EXERCISE DIRECTIONS: Stop after the line that contains "ランドセルの時間割ポケット後付けって必要？"; until then, restate each line of the entries word for word from the very first.

RECORDS:
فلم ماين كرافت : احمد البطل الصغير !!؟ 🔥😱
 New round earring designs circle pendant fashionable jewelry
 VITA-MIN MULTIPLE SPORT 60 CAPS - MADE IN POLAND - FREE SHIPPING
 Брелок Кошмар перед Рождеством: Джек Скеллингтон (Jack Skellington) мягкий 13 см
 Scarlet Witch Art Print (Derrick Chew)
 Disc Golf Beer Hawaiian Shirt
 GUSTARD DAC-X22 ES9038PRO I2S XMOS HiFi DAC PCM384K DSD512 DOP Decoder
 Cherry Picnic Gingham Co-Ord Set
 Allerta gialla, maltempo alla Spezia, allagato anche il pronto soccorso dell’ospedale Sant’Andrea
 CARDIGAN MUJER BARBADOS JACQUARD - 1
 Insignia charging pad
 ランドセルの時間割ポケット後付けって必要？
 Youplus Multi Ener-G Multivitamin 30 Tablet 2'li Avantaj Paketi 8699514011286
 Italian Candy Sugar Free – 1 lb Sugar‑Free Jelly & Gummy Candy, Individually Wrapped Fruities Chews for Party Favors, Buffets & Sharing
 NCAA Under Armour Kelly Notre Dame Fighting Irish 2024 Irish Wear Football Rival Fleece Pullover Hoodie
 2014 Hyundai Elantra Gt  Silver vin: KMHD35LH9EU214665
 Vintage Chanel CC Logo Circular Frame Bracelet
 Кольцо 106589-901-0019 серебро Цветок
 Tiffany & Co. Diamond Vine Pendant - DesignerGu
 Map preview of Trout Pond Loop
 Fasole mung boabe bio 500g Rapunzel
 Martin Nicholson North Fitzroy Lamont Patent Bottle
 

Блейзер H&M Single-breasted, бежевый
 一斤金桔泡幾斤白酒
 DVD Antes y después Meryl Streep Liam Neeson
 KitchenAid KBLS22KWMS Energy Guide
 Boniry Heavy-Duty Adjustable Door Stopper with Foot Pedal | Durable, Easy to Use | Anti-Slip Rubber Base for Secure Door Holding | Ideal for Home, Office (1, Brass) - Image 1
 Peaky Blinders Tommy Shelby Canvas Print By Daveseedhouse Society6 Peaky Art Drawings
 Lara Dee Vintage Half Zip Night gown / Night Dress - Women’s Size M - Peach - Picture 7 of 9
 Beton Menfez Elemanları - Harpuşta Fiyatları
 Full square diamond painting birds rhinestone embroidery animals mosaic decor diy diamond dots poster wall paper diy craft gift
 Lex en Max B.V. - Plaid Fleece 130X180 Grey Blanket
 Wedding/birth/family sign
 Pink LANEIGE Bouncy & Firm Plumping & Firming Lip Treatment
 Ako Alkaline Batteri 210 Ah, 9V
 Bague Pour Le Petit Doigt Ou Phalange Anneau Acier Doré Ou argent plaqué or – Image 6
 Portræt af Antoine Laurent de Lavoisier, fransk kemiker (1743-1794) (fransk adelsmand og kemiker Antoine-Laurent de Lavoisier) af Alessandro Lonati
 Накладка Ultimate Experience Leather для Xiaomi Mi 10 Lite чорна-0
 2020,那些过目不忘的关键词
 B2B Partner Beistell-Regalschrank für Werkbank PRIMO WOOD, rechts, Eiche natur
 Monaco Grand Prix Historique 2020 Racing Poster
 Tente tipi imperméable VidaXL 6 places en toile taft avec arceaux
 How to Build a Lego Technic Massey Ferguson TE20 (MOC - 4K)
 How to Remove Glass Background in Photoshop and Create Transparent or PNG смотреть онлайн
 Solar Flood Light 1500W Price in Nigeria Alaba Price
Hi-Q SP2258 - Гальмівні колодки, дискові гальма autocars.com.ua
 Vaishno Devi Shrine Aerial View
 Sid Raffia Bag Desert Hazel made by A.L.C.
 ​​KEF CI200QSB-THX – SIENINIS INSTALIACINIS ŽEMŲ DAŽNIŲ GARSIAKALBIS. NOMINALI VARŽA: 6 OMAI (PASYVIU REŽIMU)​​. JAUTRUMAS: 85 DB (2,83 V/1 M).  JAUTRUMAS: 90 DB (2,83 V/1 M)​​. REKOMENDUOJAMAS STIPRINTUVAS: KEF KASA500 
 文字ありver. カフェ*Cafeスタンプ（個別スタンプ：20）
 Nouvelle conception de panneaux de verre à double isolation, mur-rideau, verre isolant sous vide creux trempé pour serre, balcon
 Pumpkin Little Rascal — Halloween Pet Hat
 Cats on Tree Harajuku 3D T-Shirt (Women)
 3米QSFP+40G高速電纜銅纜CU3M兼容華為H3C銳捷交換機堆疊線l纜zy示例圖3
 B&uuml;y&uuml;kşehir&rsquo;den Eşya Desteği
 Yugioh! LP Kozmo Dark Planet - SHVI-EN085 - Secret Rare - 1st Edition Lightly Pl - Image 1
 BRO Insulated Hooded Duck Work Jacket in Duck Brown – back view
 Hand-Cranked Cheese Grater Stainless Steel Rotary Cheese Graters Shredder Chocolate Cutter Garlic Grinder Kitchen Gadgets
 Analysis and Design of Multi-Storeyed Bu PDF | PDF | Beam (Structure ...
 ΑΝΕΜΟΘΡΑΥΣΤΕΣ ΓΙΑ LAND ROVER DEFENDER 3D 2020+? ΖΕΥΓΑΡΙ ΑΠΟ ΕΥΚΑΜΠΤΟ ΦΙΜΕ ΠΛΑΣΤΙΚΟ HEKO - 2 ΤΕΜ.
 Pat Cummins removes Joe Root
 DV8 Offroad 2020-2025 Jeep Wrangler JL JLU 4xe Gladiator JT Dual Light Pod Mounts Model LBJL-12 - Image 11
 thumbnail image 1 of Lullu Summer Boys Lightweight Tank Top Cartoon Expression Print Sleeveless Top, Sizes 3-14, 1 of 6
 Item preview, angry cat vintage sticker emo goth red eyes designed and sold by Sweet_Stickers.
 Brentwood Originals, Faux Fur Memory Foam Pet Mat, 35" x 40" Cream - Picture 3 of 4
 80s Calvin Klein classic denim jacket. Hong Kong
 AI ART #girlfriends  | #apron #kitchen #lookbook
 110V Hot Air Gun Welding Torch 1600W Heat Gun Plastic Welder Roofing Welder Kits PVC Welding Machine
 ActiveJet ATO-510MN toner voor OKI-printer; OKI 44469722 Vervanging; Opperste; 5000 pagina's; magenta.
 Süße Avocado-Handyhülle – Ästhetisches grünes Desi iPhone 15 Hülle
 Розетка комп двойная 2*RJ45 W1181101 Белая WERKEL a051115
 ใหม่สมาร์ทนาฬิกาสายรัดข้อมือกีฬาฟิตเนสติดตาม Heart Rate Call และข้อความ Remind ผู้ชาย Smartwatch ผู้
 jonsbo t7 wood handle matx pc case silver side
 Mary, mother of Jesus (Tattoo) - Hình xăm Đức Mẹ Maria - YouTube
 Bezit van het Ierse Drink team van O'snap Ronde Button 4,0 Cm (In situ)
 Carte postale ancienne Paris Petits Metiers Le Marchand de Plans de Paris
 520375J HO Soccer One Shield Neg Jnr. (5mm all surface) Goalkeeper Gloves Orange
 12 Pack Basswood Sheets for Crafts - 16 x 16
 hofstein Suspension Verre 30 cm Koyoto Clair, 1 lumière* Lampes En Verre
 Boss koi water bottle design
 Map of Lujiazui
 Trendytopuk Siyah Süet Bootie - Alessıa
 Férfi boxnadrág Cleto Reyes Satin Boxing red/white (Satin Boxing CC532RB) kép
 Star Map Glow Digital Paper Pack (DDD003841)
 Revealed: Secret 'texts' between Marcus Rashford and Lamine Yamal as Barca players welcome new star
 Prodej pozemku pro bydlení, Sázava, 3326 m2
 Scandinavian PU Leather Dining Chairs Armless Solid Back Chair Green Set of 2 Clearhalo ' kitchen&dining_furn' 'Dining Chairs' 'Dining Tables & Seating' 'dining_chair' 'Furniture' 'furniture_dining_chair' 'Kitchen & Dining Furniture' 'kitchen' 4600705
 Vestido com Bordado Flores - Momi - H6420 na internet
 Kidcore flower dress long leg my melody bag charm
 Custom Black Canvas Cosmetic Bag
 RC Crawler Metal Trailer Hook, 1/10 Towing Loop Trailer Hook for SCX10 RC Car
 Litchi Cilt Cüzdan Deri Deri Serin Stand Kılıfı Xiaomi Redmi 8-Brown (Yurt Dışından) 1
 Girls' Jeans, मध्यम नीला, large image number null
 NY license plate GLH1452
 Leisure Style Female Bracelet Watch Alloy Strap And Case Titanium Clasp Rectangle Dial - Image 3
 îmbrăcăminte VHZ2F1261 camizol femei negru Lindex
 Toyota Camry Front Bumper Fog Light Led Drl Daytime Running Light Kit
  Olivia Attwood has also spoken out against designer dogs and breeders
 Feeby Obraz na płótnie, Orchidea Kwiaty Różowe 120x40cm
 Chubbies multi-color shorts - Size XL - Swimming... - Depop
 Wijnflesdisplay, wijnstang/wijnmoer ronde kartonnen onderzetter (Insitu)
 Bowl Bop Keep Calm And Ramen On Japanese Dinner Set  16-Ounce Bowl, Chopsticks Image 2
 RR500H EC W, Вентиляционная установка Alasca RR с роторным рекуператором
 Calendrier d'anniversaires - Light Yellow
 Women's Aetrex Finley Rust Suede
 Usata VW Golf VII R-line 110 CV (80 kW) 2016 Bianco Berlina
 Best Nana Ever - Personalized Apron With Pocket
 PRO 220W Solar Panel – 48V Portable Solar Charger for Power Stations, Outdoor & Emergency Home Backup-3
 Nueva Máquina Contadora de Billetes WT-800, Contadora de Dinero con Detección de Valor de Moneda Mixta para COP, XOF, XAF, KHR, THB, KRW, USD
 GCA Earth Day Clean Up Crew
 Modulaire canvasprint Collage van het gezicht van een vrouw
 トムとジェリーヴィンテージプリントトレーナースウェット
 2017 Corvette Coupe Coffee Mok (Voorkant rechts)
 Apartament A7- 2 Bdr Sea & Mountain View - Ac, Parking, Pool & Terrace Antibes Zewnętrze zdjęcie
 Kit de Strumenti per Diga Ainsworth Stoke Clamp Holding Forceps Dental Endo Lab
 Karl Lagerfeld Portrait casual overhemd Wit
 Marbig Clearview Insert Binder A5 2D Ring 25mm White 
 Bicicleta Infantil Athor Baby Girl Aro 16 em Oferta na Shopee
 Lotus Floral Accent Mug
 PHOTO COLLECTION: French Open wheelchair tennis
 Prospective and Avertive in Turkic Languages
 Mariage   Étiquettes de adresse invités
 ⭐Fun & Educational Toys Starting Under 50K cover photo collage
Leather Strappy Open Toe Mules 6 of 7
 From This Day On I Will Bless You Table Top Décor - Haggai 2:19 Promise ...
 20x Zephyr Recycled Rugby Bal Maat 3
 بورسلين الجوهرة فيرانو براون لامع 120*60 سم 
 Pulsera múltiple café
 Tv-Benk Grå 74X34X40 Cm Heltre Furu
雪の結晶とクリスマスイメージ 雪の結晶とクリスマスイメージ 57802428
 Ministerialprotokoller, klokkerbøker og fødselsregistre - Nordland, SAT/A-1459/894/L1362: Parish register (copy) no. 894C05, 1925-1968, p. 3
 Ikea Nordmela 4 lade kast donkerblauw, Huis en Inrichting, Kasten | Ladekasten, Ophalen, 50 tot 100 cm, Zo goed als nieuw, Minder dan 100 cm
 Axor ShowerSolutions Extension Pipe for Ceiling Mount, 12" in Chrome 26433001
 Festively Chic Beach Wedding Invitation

RESULT FOR THIS TASK:
فلم ماين كرافت : احمد البطل الصغير !!؟ 🔥😱
 New round earring designs circle pendant fashionable jewelry
 VITA-MIN MULTIPLE SPORT 60 CAPS - MADE IN POLAND - FREE SHIPPING
 Брелок Кошмар перед Рождеством: Джек Скеллингтон (Jack Skellington) мягкий 13 см
 Scarlet Witch Art Print (Derrick Chew)
 Disc Golf Beer Hawaiian Shirt
 GUSTARD DAC-X22 ES9038PRO I2S XMOS HiFi DAC PCM384K DSD512 DOP Decoder
 Cherry Picnic Gingham Co-Ord Set
 Allerta gialla, maltempo alla Spezia, allagato anche il pronto soccorso dell’ospedale Sant’Andrea
 CARDIGAN MUJER BARBADOS JACQUARD - 1
 Insignia charging pad
 ランドセルの時間割ポケット後付けって必要？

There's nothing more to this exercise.